The starting pile is every chat, call, and message between fifty million people and the various AI products our customers run. The chats are long and unstructured. A single chat often jumps between five different things. The job is to make sense of all of it, automatically, without anyone hand-labeling anything.
Here is what we actually do, in order.
Cut conversations at the seams
Most chats aren't about one thing. Somebody asks about pricing, then a feature, then a bug, then asks for a refund. If you treat that as a single thing, you get nothing useful out of it.
So we read every chat from top to bottom and ask, at each break, whether the topic just changed. Where the answer is yes, we put a knife. A chat that bounced between five things becomes five separate pieces, and each piece is small enough to mean one thing.
The hard part is the line itself. The point where one topic ends and another starts looks different in every chat. A formal bot reads differently from a casual one. Instead of picking one rule for everyone, we calibrate the line for each individual chat against a small set of chats a human has cut the right way. Nobody picks the threshold by hand.
Boil each piece down to a sentence
A piece of chat has a lot of filler in it. "Got it, one moment, let me check that." The filler takes up just as much room as the actual point. So we boil each piece down to one sentence about what the person was trying to do. From here on, everything downstream sees the sentence, not the raw chat.
Turn each sentence into a fingerprint
Now we turn each sentence into a long string of numbers, about four thousand of them. Two sentences with similar meaning end up with similar numbers, even if they share zero words. "I want my money back" and "Can I get a refund" come out close. "I want my money back" and "Where do I find the menu" come out far apart.
Once a sentence is a string of numbers, you can do math on it. You can ask: how close are these two? How close are these thousand? That is the trick that makes the rest of this possible.
Stack the fingerprints into folders
We end up with a hundred and fifty million strings of numbers and we want them organized. We do this in three layers, like folders inside folders.
At the top, a dozen broad categories. Inside each one, a few dozen sub-folders. Inside those, the actual buckets, where each bucket is one specific behavior. "Refund because of a billing error." "Refund because a feature was promised and removed."
The grouping isn't done by a person. We let the math find tight neighborhoods, then find tight neighborhoods of those neighborhoods, and so on. Anything that doesn't fit a neighborhood gets held aside, on purpose, for later.
Name each folder
Every bucket needs a name a human can scan in one second and know what is inside. The lazy way is to grab a few random sentences from the bucket and ask a model to summarize them. The names that come out are vague. A few random sentences from a bucket of a hundred thousand miss most of what is actually in there.
So we don't pick randomly. We pick the most central sentence in the bucket, then the sentence furthest from it, then the next sentence furthest from those two, and so on. This pulls in the edges, not just the middle. Names made from those sentences come out specific. The page says "refund disputes," not "customer inquiries about financial transactions."
Send new chats to the right folder, right now
The big folder-building job runs once a week. New chats don't wait for it. Every new chat needs to land somewhere within seconds.
So when one shows up, we ask: which existing bucket does this look most like? If there is a clear winner, the chat goes there. If the answer is ambiguous, the chat sits in a holding area instead. Skipping is allowed. Guessing is not. The whole decision takes seven thousandths of a second.
Watch the holding area for new behavior
The holding area is not a graveyard. Every hour, we look at it and ask whether the chats in there are starting to resemble each other. If they are, a new bucket forms there on its own.
This is where new behavior shows up first. Somebody shipped a feature on Monday, and by Wednesday people are using it in a way nobody planned for. That appears in the holding area before it appears anywhere else, because, by definition, new behavior doesn't fit any existing bucket.

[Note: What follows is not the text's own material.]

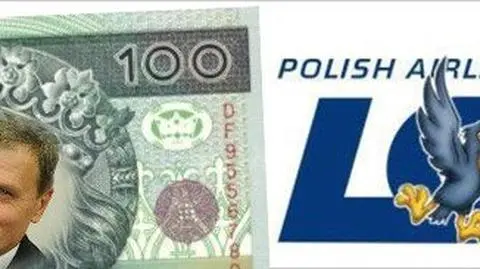Bohaterski pilot na banknotach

Compare last week's folders to this week's
Every week, we redo the whole folder structure from scratch. Then we line last week's folders up next to this week's and ask: what carried over, what is new, what disappeared, what split, what merged?
When two confusion buckets merge into one smaller bucket the week after a redesign, the redesign worked. When a refund bucket splits in two the week after a pricing change, the pricing change broke something specific, and we can read which thing. This is a different kind of signal from a number going up or down.
Every dial tunes itself
Every threshold in this system was once picked by a human. Where to cut a chat. When to call a routing decision ambiguous. When to declare two buckets the same thing. None of those numbers ever survived contact with a fintech support bot and a developer tools agent in the same week.
So we stopped picking them. Every dial gets re-tuned automatically against a set of chats a human has hand-graded. The grading set keeps growing. The dials drift on their own. The only thing we still pick by hand is the question being asked. The numbers are downstream of that.
Putting it together
Cut conversations at the seams. Boil pieces into sentences. Turn sentences into fingerprints. Stack the fingerprints into folders. Name the folders. Route new chats into them in real time. Watch the holding area for new behavior. Compare folders week over week. Tune every dial against human-graded examples.
The other post tells you the names of the algorithms we use. None of them are new. The work was getting them to cooperate at this scale. This page is what the cooperation looks like.